» INSTRUCTIONS TO FOLLOW
Quote the listing below in full and exactly as written, but omit every picture.

» DATA EXCERPT
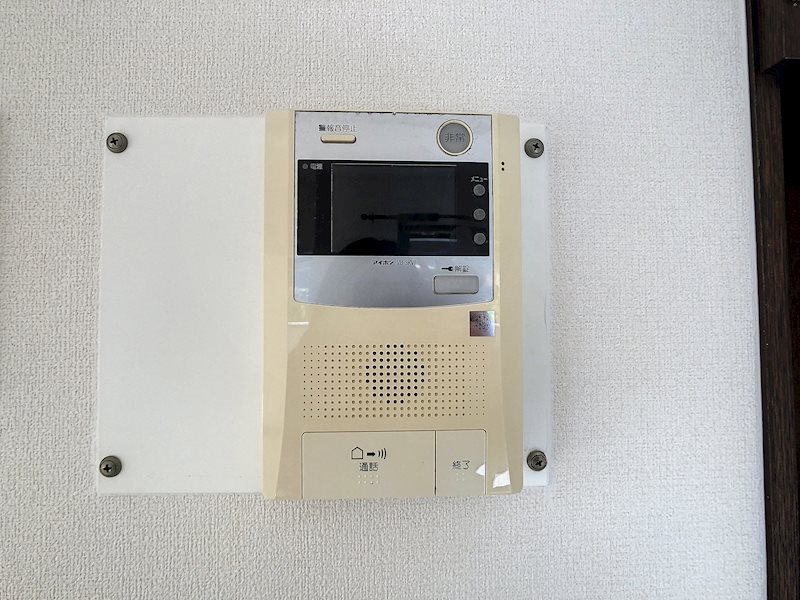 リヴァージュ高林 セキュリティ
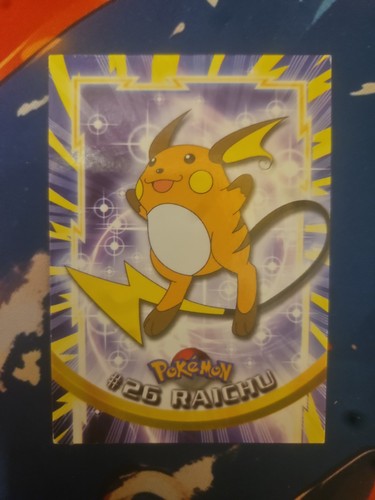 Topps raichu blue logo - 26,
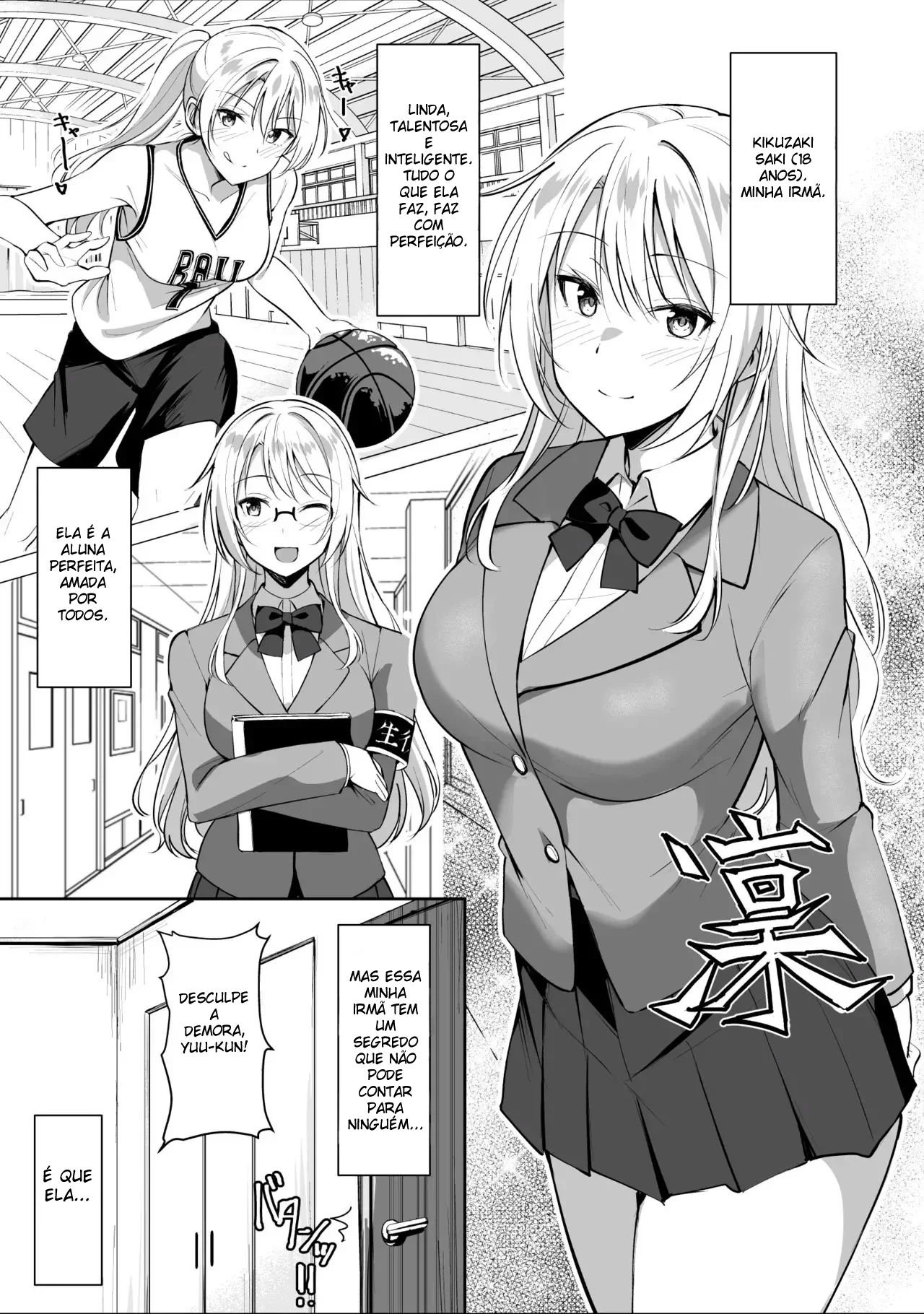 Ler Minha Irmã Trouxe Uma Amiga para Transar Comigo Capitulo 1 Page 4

» TASK RESPONSE
 リヴァージュ高林 セキュリティ
 Topps raichu blue logo - 26,
 Ler Minha Irmã Trouxe Uma Amiga para Transar Comigo Capitulo 1 Page 4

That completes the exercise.